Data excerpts

Segment Open

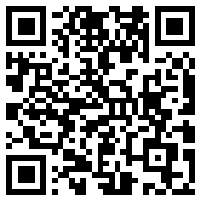 QR Code for bitcoin:bitcoin:bitcoin:16oPcESmd7zzT1Kpp7To4EhbNqzTq2YtWB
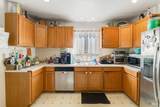 128 Norman Avenue - Photo 33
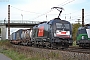 Siemens 21043 - Crossrail "ES 64 U2-071"
15.10.2019 - Retzbach-Zellingen
Rik Hartl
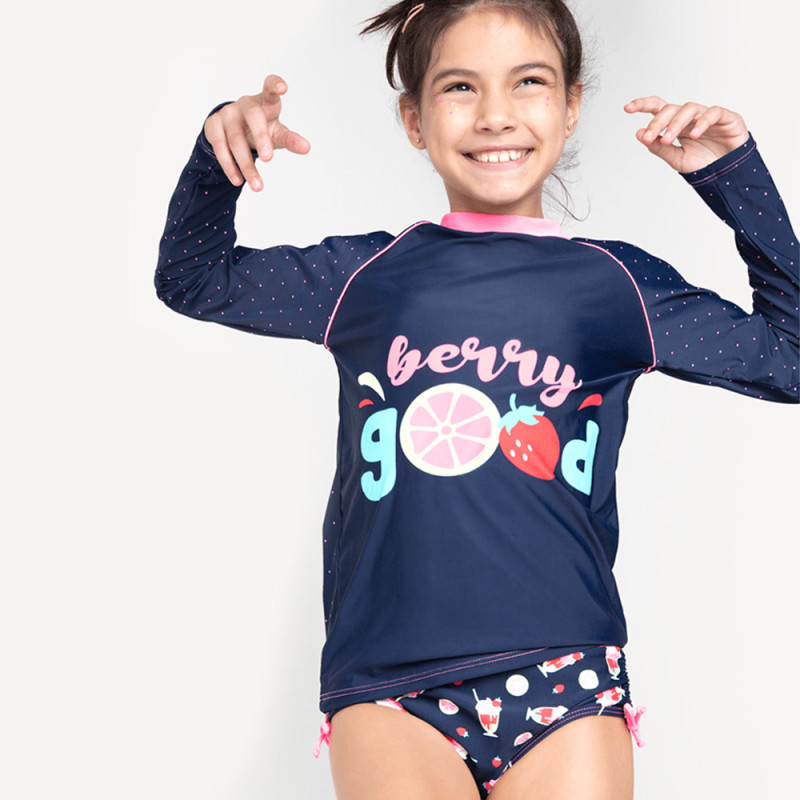 Conjunto praia puket clearance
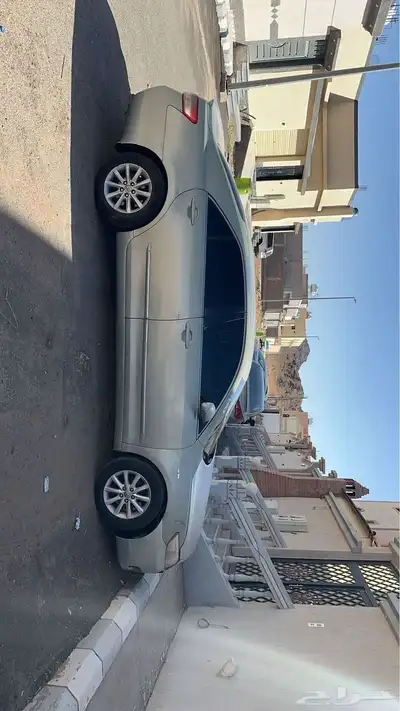 سيار نضيف جديد تروح بعيد قريب وصامل يتصل وعلمه بعلومها كلها 3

Segment Closed

The problem ▸
Transcribe all the lines above exactly, apart from the pictures.

Exercise solution ▸
 QR Code for bitcoin:bitcoin:bitcoin:16oPcESmd7zzT1Kpp7To4EhbNqzTq2YtWB
 128 Norman Avenue - Photo 33
 Siemens 21043 - Crossrail "ES 64 U2-071"
15.10.2019 - Retzbach-Zellingen
Rik Hartl
 Conjunto praia puket clearance
 سيار نضيف جديد تروح بعيد قريب وصامل يتصل وعلمه بعلومها كلها 3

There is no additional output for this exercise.